Replacing MARC: Where to Start

The MARC format for transmittal of bibliographic records has been an unparalleled success for interlibrary communication. This success, however, has also brought about a world that deals exclusively in MARC and is inherently bound by its limitations. Several efforts over the years have been made to break free of these perceived limitations, but these efforts often miss the crucial mis-step of MARC-like thinking: that a library interchange format should be the only way to ingest, expose, or build systems around bibliographic data. In order to begin a transition away from MARC, each function MARC serves should be examined independently and may be replaced by a different technology.

The MARC Mindset

Over the years, usage of the MARC format has expanded into every facet of libraries and how they operate. For a library to ingest data from outside parties, it requests and even demands MARC records. When a library wishes to expose its collections whether it be in an exported file or via Z39.50 or other means, the basis for the exposed data is MARC. Many library application vendors have chosen to accept the limitations of MARC at the core of their applications by making it their fundamental data model. Everywhere you look in the library and its systems you can find some evidence of MARC data or cataloging rules applied to the data.

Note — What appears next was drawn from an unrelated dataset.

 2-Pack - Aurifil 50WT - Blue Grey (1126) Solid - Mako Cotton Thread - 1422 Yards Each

It is somewhat reasonable, given the expanse of uses of the MARC format that any intended replacement of this format would assume that it must be a replacement suited to all of its use cases. This does not necessarily have to be the case though. Modern technologies very often espouse a very clear separation of concerns, such that each component may work together and even be separately improved without affecting the other.

Use cases

There are quite possibly too many different uses of MARC to cover them all in a brief article. I will focus on data exposure, core data model, and library data exchange.

Data Exposure

For these purposes, I am using “exposure” to mean making library data available to non-library services on the web. The goal of this kind of exposure is clear. Libraries want their users to find the research materials they seek wherever they are. It is a commonly accepted idea that many library users will go to Google or Wikipedia to begin their work. People will tweet links to interesting material to the world or share their research with colleagues on Facebook. This is the world of the web as it exists today and this is the world that the library must break into if it is going to be able to continue to offer services its users care about.

Interestingly, these services often have predefined ways of sharing metadata. Google has recently pushed its schema.org initiative (along with Bing, Yandex, and Yahoo!). Twitter and Facebook have ways to create Cards, or small snippets of a page, that will be meaningful to users.

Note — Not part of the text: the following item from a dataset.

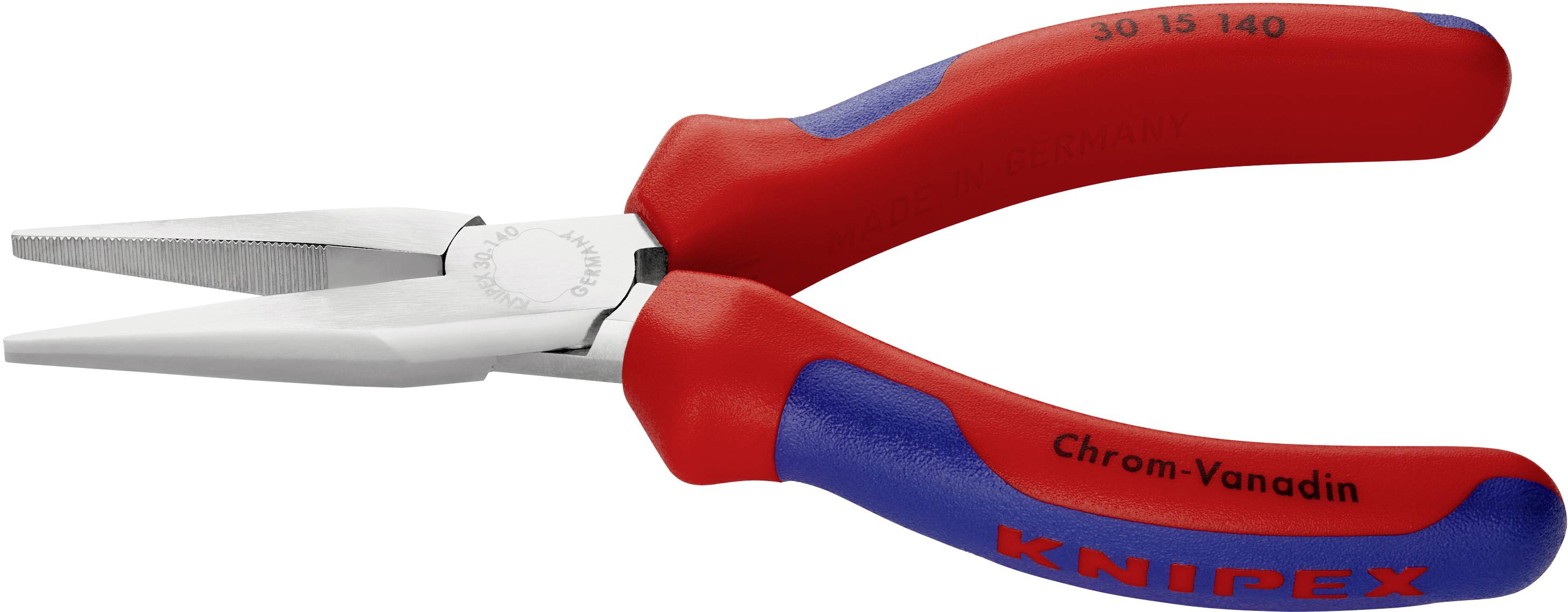 Rote und blaue Spitzzange aus Chrom-Vanadium-Stahl, geeignet für präzise Arbeiten.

These are the de facto standards of the web. Data exposure to non-library services should follow these de facto standards. The library is not in a position to define its own standard for interoperability with those players, but rather should accept that the price of getting their materials in front of users is to do what is necessary to get where the users are. The systems that expose library data must include mechanisms to expose that data using these de facto web standards. Today it is schema.org; tomorrow it will be something else. Library data management and exposure systems must be prepared to follow the trends of the web.

Core Data Model

The core data model seems to be largely where MARC replacement efforts are focused. The MARC record format is one intrinsically based on a model of collapsing all information pertaining to a particular book or other item into a single set of fields which make up a record. There are various reasons why this can be problematic. A study by Tom Delsey for the Library of Congress summarizes this challenge by saying:

In the past decade, the rapid evolution of digital information media and communications networks has posed significant challenges for the continued development and viability of the MARC format. Adapting the format to the demands of this new environment entails more than simple incremental enhancement to format specifications; it requires extensive re-examination of the underlying logical structure of the format and its application.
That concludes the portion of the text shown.